### TASK TO COMPLETE
Report every line of the entries that contains the word "popup".

::: MATERIAL TO PROCESS :::

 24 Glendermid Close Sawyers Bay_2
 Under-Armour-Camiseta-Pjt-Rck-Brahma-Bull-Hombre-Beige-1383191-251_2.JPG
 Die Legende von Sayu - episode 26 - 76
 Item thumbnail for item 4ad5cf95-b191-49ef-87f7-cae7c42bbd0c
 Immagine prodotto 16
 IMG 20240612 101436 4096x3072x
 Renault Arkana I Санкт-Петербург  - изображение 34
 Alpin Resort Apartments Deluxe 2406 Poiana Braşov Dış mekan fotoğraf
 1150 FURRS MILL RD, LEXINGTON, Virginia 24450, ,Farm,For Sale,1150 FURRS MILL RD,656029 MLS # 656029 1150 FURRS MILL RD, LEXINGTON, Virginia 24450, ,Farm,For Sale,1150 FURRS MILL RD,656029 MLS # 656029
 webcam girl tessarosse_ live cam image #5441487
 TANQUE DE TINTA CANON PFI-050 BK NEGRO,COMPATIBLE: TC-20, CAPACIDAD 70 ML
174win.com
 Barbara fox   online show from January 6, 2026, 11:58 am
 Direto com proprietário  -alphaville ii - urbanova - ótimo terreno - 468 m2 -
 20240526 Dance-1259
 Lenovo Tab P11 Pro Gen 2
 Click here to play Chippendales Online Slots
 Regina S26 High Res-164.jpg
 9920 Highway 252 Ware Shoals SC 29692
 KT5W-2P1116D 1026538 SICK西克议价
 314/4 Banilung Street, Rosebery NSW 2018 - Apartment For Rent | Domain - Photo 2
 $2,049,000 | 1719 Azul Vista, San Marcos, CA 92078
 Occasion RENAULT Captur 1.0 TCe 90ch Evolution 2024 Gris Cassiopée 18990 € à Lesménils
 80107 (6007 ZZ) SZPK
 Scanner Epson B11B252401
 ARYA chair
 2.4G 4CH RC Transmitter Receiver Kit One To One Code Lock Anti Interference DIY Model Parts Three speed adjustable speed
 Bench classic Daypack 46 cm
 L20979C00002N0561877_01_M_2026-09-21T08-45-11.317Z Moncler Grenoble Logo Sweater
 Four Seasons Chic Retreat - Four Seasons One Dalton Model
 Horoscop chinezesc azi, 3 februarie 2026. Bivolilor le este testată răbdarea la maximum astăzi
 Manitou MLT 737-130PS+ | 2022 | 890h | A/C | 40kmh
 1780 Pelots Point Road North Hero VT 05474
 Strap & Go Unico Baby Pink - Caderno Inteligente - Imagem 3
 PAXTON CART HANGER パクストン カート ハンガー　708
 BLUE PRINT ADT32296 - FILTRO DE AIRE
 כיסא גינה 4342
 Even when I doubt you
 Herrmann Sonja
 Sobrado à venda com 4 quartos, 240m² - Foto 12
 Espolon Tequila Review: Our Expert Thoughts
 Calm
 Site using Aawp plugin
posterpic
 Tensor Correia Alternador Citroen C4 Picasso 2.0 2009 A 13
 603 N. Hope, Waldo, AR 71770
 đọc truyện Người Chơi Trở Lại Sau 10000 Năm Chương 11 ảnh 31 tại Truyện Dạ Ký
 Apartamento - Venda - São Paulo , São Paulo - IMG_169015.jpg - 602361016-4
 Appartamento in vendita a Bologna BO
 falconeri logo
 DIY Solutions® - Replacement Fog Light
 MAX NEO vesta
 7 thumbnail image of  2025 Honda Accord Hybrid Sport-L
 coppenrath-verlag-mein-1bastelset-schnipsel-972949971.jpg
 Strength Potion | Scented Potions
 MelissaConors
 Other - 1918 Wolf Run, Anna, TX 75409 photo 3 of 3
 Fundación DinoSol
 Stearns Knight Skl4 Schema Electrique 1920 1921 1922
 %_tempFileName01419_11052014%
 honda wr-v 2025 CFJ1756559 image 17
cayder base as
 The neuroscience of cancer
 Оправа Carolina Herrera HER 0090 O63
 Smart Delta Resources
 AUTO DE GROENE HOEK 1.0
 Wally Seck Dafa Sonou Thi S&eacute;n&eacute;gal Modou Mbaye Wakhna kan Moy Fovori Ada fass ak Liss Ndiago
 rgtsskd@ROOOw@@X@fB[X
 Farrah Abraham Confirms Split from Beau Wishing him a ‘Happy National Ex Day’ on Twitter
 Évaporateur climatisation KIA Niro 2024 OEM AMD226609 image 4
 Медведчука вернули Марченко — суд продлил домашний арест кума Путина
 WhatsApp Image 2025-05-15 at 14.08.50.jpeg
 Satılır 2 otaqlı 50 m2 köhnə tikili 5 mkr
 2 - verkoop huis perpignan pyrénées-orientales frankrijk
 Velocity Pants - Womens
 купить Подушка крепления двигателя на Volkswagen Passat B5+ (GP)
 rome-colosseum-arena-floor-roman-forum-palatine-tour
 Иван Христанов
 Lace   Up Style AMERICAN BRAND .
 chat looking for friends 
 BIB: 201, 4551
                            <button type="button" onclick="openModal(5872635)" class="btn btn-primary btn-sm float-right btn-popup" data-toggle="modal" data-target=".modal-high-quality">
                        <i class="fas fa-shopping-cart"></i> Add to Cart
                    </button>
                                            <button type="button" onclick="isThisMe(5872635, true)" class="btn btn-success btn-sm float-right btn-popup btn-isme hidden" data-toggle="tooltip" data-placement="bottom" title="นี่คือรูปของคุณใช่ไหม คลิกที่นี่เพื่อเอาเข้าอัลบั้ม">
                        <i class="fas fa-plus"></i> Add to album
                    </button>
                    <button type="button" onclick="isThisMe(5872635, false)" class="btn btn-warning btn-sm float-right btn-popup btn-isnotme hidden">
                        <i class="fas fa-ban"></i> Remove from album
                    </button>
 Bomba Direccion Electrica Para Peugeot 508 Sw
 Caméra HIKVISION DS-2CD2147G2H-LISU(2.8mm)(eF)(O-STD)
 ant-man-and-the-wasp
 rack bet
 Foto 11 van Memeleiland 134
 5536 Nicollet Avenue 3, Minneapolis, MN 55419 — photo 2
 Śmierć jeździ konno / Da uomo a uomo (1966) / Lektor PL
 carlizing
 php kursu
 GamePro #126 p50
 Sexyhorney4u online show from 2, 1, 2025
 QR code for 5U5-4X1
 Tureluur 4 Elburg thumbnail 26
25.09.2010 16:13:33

:::

### YOUR SOLUTION
                            <button type="button" onclick="openModal(5872635)" class="btn btn-primary btn-sm float-right btn-popup" data-toggle="modal" data-target=".modal-high-quality">
                                            <button type="button" onclick="isThisMe(5872635, true)" class="btn btn-success btn-sm float-right btn-popup btn-isme hidden" data-toggle="tooltip" data-placement="bottom" title="นี่คือรูปของคุณใช่ไหม คลิกที่นี่เพื่อเอาเข้าอัลบั้ม">
                    <button type="button" onclick="isThisMe(5872635, false)" class="btn btn-warning btn-sm float-right btn-popup btn-isnotme hidden">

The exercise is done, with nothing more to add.